While I haven't done a rigorous comparison of this idea to fwknop yet, a few initial thoughts come to mind. Sure, a single SYN is kind of cool, but:
- Obviously their architecture is highly Linux-specific, non-portable, and even requires userspace modification for any application that wishes to use it. None of these statements is true for fwknop (by design).
- Their use of a single round of MD5 against a shared secret and a few parameters like the destination IP and destination port doesn't really provide "stealth" (perhaps I missed their definition of this?). I mean, of their own admission, replay attacks aren't protected against, so presumably this means that each ISN sent through their code for each destination IP/port pair is identical unless the shared secret is manually changed.
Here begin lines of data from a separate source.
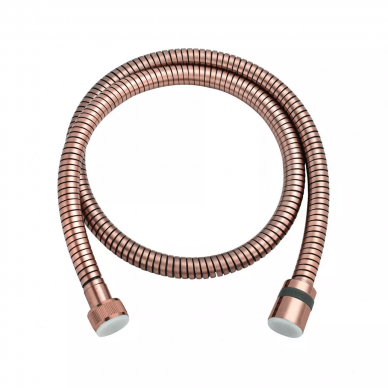 Шланг для душа Lemark (LE8037B-RBronze) 150 см, TURN-FREE, розовое золото 0
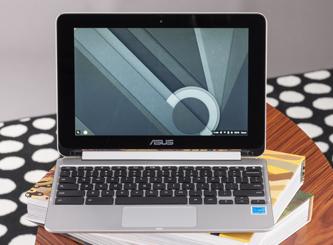 Asus Chromebook Flip test par PCMag Asus Chromebook Flip test par PCMag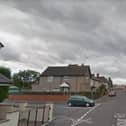 Balfour Road in Doncaster where the five-year-old was attacked by German Shepherd dogs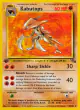 Kabutops 24/62 Rare card from Fossil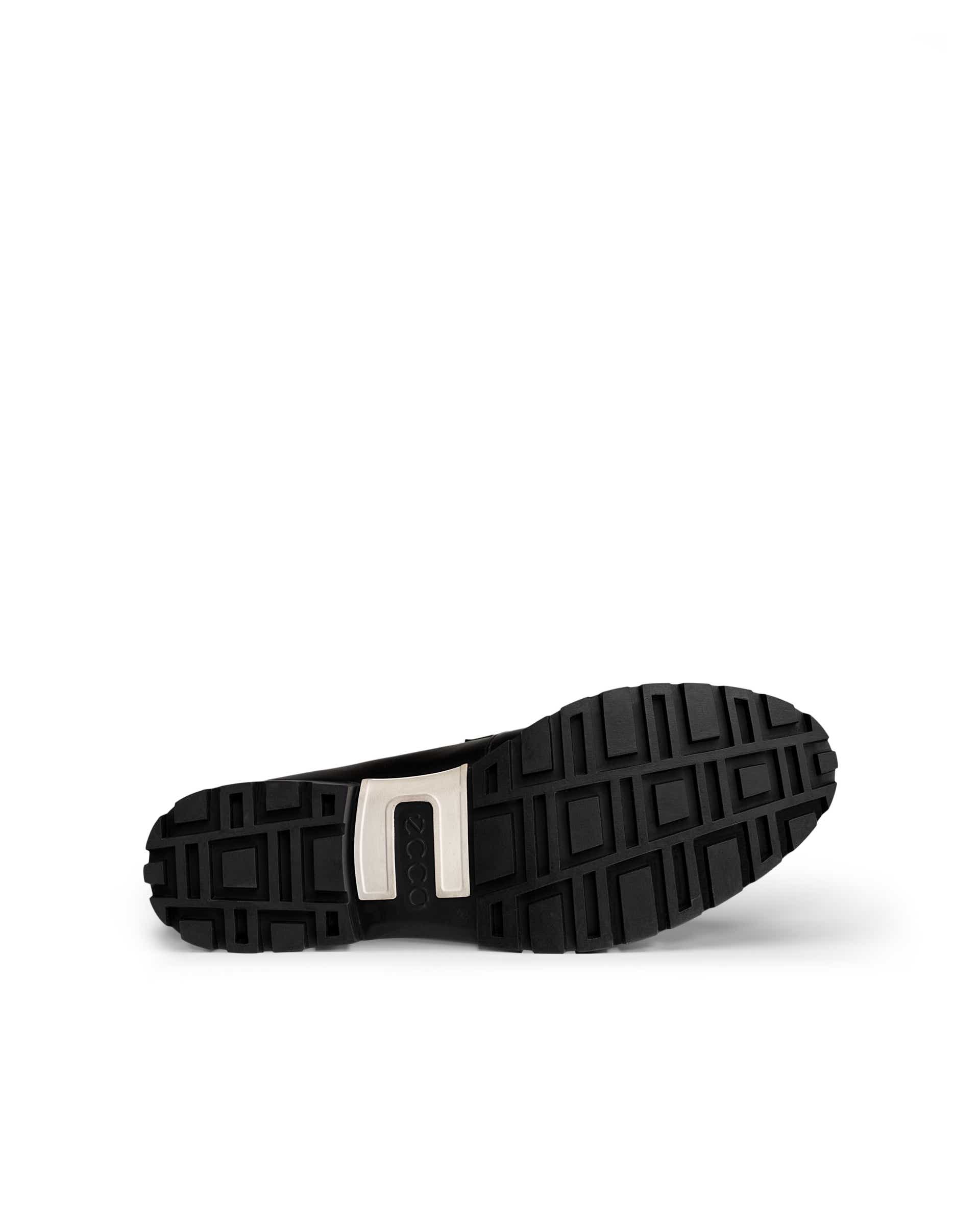 ECCO® Modtray mocassins en cuir pour femme - Noir - Sole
On the assumption that modern TCP stacks randomize ISN's (or at least follow some +N rule), it would not be difficult to write a detector for TCP connections that are gated by the 'knock' patch.
- Once 'knock' communications are detected, compromise of the source network implies complete compromise of 'knock' without knowledge of the key because there is no built-in defense against replay attacks. I suppose this is mostly damaging in the context of NAT from the source network - i.e. the specific end point system behind a NAT does not have to be compromised in order to also compromise 'knock' past the NAT. This is not true for fwknop.
- If stealth isn't really achieved (see above), then what is the advantage of patching the kernel as opposed to pursuing a userspace implementation? Further, if there isn't a really compelling reason to patch the kernel, there are a lot of reasons _not_ to patch the kernel.
- It seems that working with NAT can and should also imply some ability to support server-side NAT. This is fully supported by fwknop (iptables only for now, but ipfw and pf will follow).